私が5年ほどJASRACと様々な形でやりとりを行ってきて思ったのは、恐ろしいほどのお役所体質であるということです。今時、役所ですらこれだけ凝り固まった対応をすればクレームの嵐で話にならんぞというレヴェルの対応を平然としてきます。
これも、競合がほぼ存在しないという故であろうとは思いますが、それだけに、おかしいものはおかしいと利用者の側から積極的に声を上げていかないと永久に改善しないものと思われます。
JASRACには様々な面でお世話になっているからこそ、権利者だけではなく、利用者にも寄り添った団体になっていただきたく、このような事実が存在していると多くの方に知っていただければと思った次第です。
とりあえず、無料の席を用意しようと思っている主催者の皆さん、1円でもいいのでいただくことにした方がよさそうです。
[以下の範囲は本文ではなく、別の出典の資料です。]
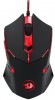   Redragon Centrophorus 1000-2000 dpi  - Zk -    ,   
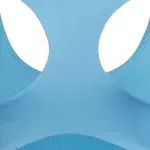 1127981519-4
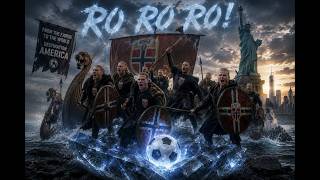 #Kristalas#Amerikose#NO#futbolo#komandos#reklama#ritualas#vikingu#milzinu#pasamones#grizimas#RO#info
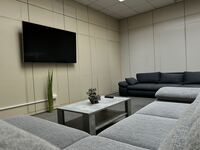 BURD´S BOARDINGHOUSE - Monteurunterkunft für Arbeitsteams in Würzburg Bild 1 BURD´S BOARDINGHOUSE - Monteurunterkunft für Arbeitsteams in Würzburg Bild 1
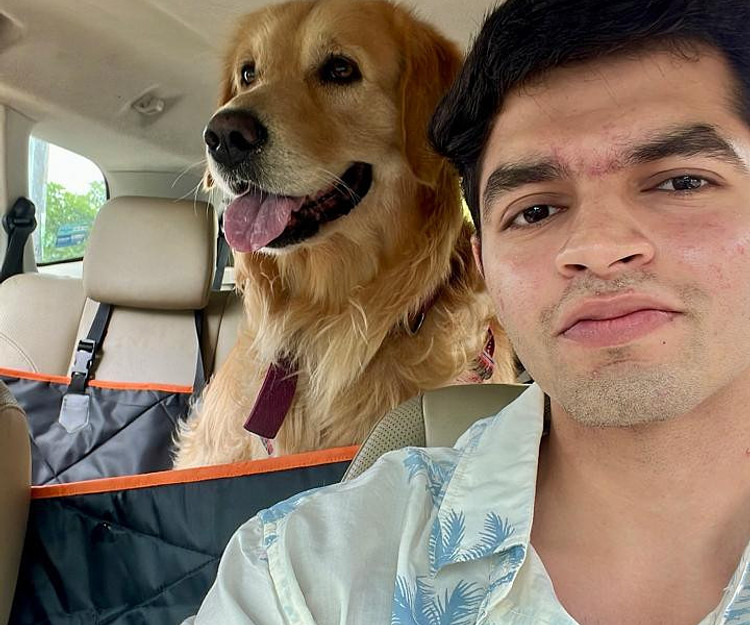 Solo Travelling to 3 cities in Vietnam: Ho Chi Minh, Phu Quoc, and Da Nang 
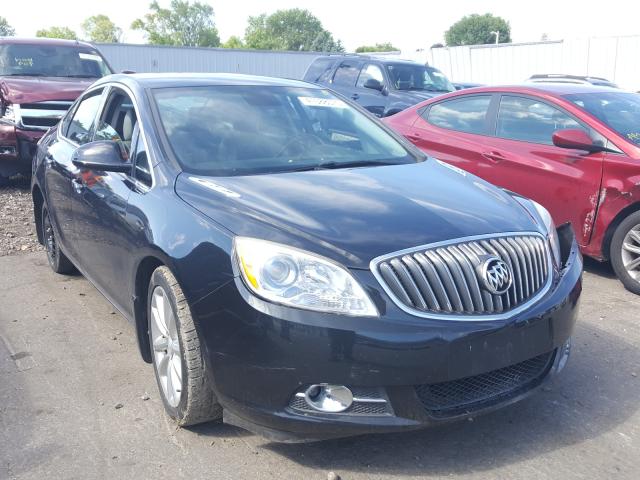 BUICK VERANO 2013 1g4pp5sk1d4205178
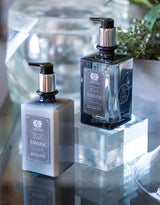 Antica Farmacista Rivet Tarmac Hand & Body Wash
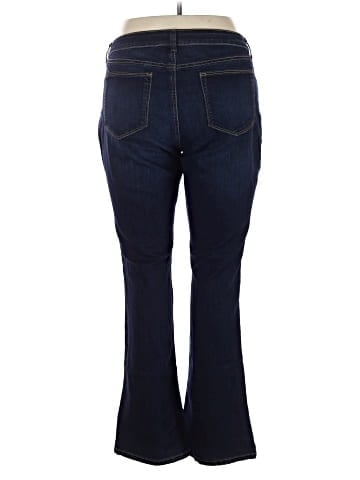 Style&Co Jeans (view 2)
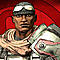 Avatar von Saphira92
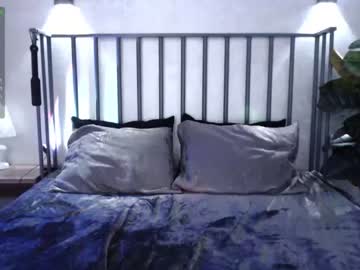 local cam girl juliabeng1 image #198800
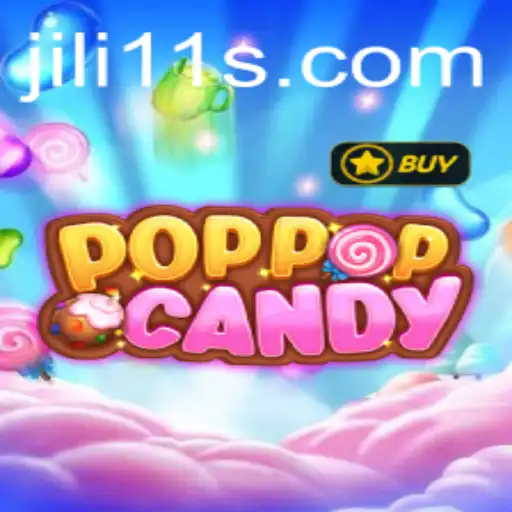 Exploring the Colorful World of POPPOPCANDY: A Guide to the Game and Its Exciting Features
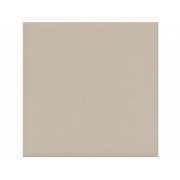 Напольная плитка Kerama Marazzi Сатин TU400200N Бежевый противоскользящий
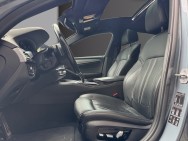 BMW d'occasion SERIE 5 530D XD 265 M SPORT BA de 2018 Montreuil (93)﻿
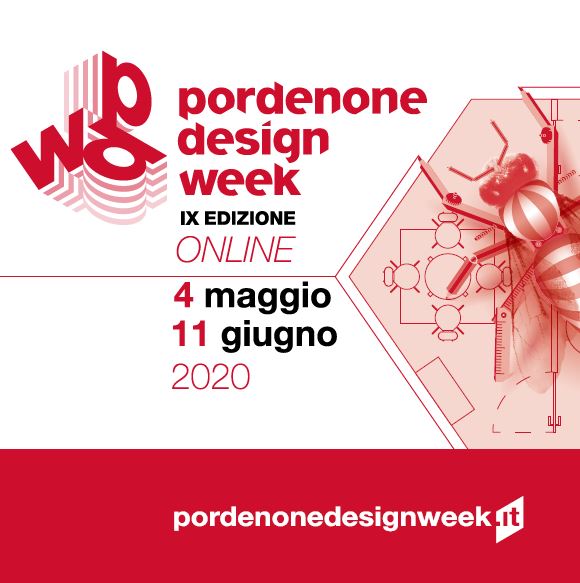 Pordenone Design Week 2020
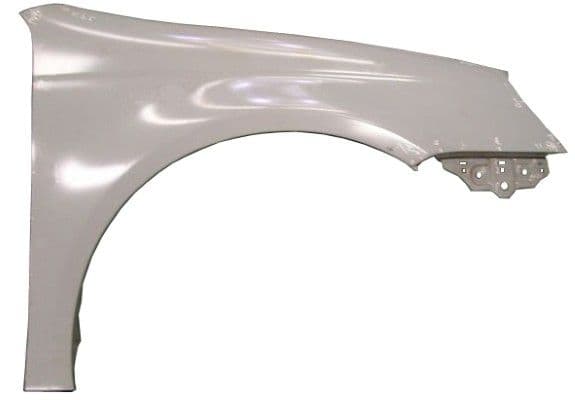 Aripa MTR 30077678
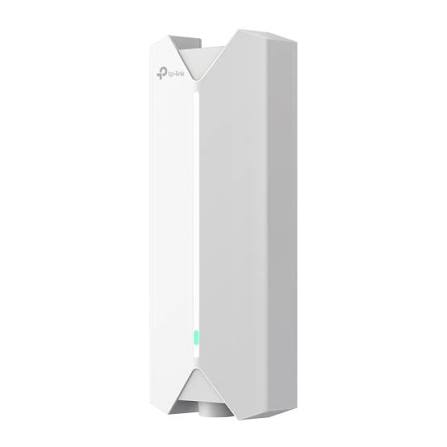 F61-OUTDOOR - TP-Link Festa AX1800 Indoor/Outdoor WiFi 6 Access Point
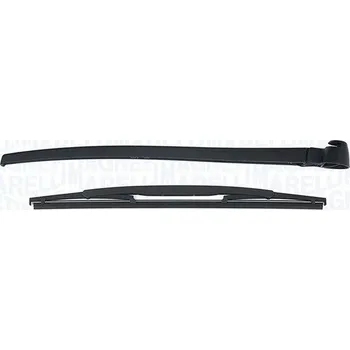 Stěrač Stěrač-sada, čištění oken MAGNETI MARELLI 000723180326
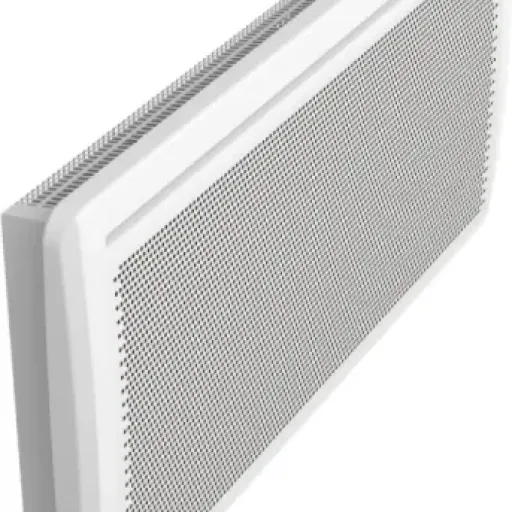 Test Bestherm TALYA 2000W : le radiateur qui chauffe vite sans se prendre la tête
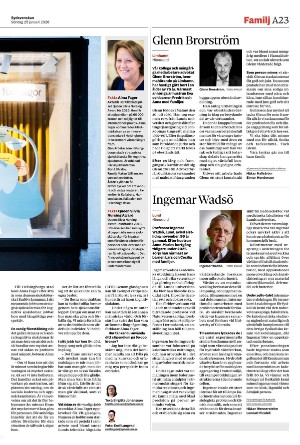 sydsvenskadagbladet_malmo-20260125_000_00_00_023.pdf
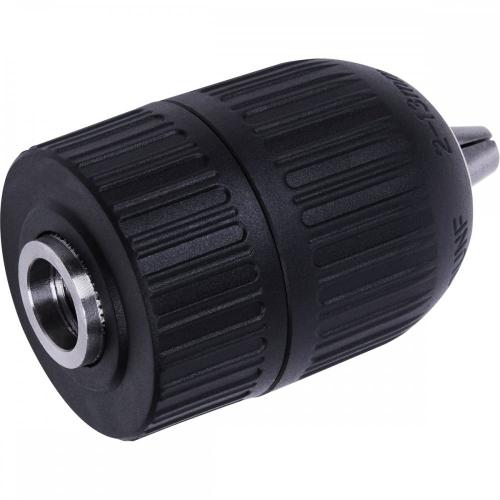 ミチ 楽天市場】ミートチョッパー MT-32 32型 味噌ひき機 ミンチ機 肉挽き機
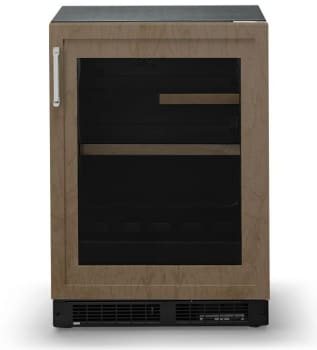 【vani】キャビネット ZetaFrame® ZD44-A1200-E1 52U Enterprise Cabinet | Chatsworth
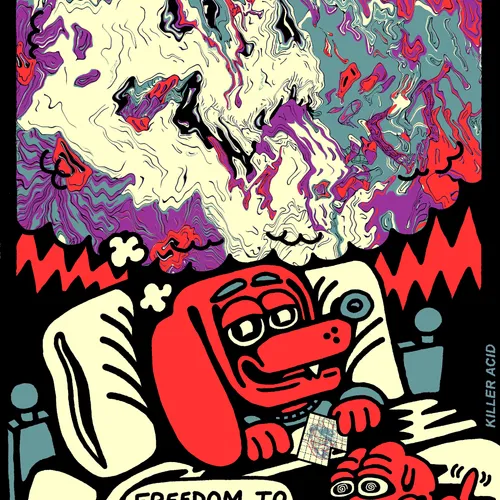 75959814784190793324708169911984379127395736312846048783770069033025351450693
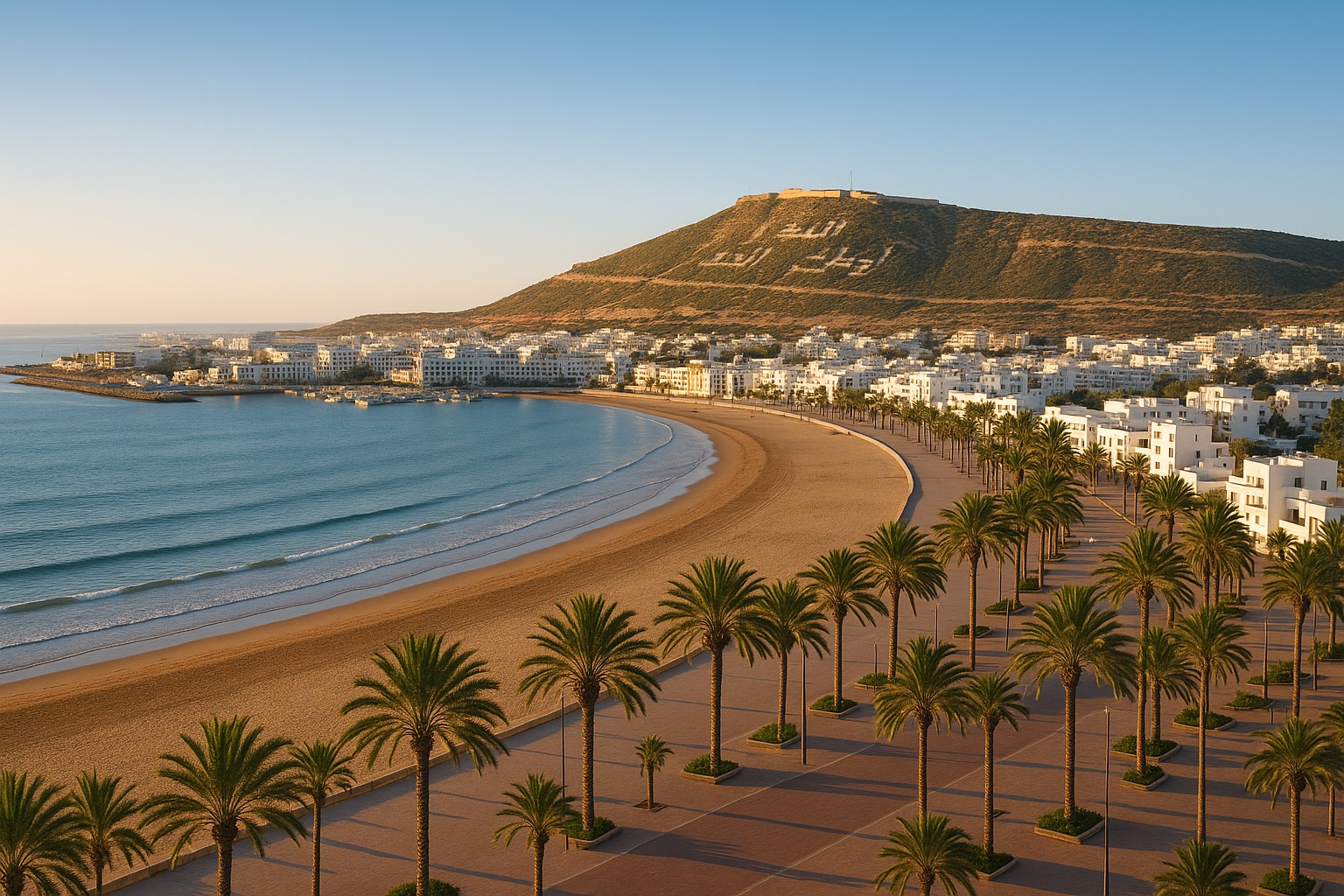 Agadir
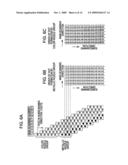 Printing apparatus diagram and image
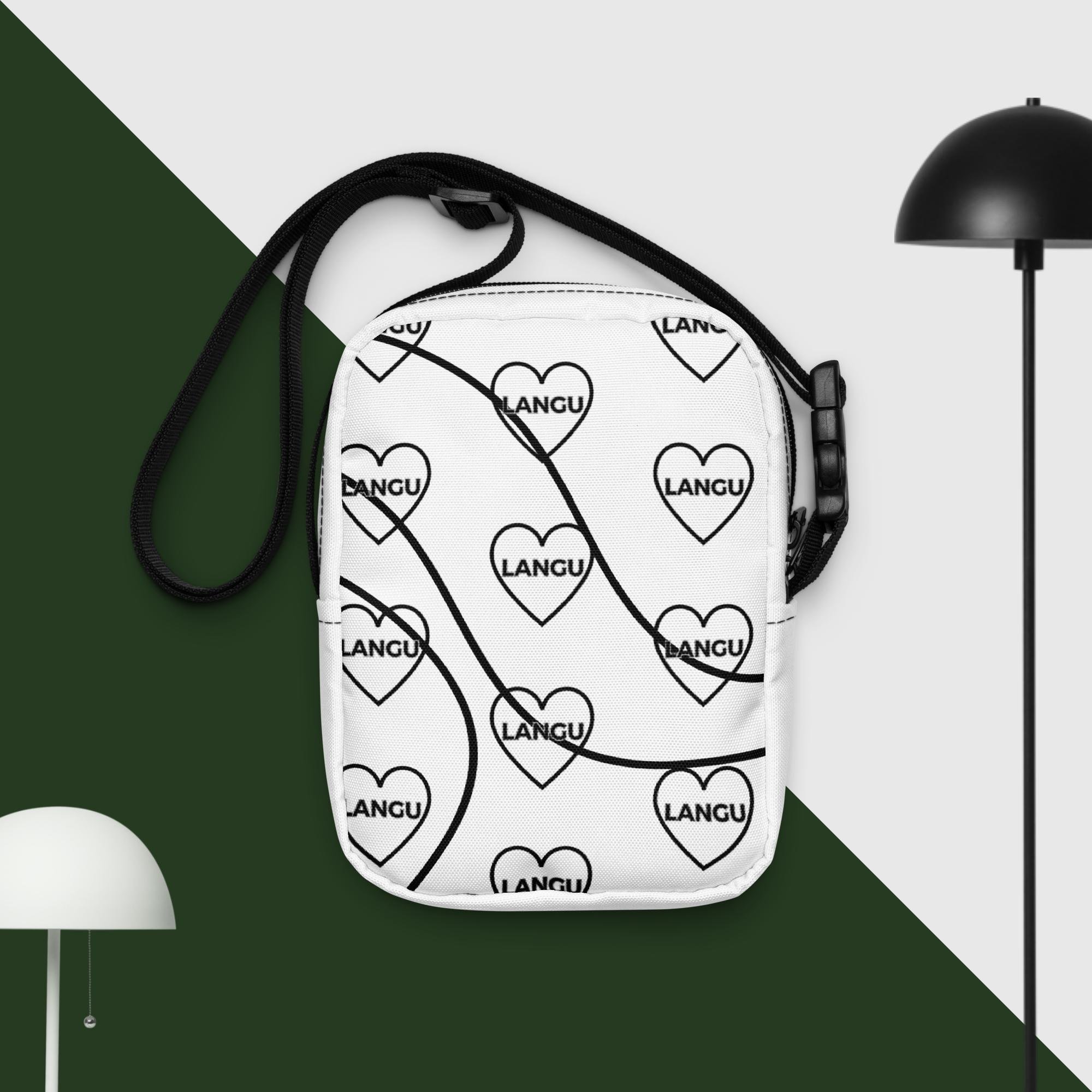 all-over-print-utility-crossbody-bag-white-back-6764f3617d34d.jpg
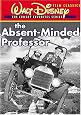 The Absent-Minded Professor (Widescreen Edition)
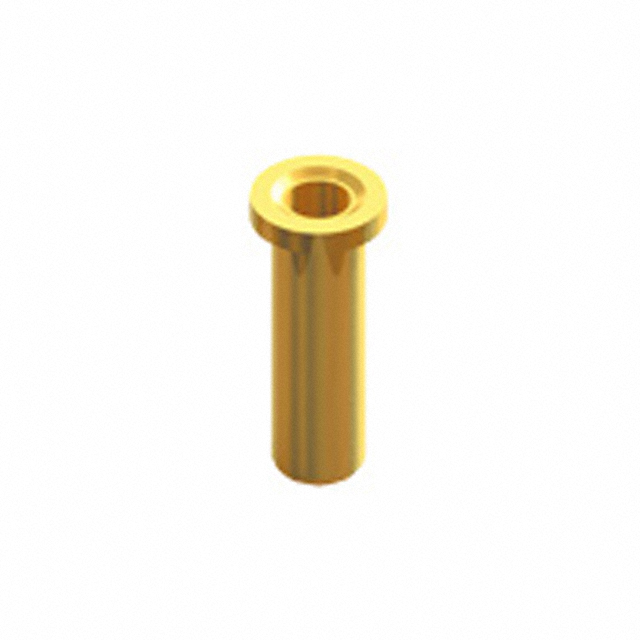 product Photo 1411-2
1円もらって1円キャッシュバックとかどうでしょうか。そこまで縛る規定はなさそうな気もします。私も次回から無料席は廃止して、1円席を用意しようと思います。
ただ、そんなことをしなくても、無料の席を計算に入れてもらえれば話は早いわけで、今回嘆願をするためのフォームを作成いたしました。賛同いただける方は、是非クリックをお願いします。非常に簡単ですし、私に何かお金が入ることも、個人情報が抜かれることもありません。
JASRAC著作権使用料規定の改善を!
https://goo.gl/UPq03t
これでJASRACが変わるとは思えませんし、意味のないことかもしれませんが、こうして声を上げていかねば、利用者は永久に弱い立場のままだと思うのです。
例えば、賃貸においては借りる側が弱い立場であるということで、昔と比べるとだいぶん保護されるように改善が進んでおりますが、それを音楽利用にも反映させたいという思いがあります。寡占(ほぼ独占)であるからこそ、圧倒的な数を誇る下々の者が声を上げ、変革をもたらそうではないですか! どうですかお客さん! なんだコノヤロー! オレ「うおおおおおおおおおおおおおお!!!!!」 改善! 改善! さっさと改善、改善! シバくぞ!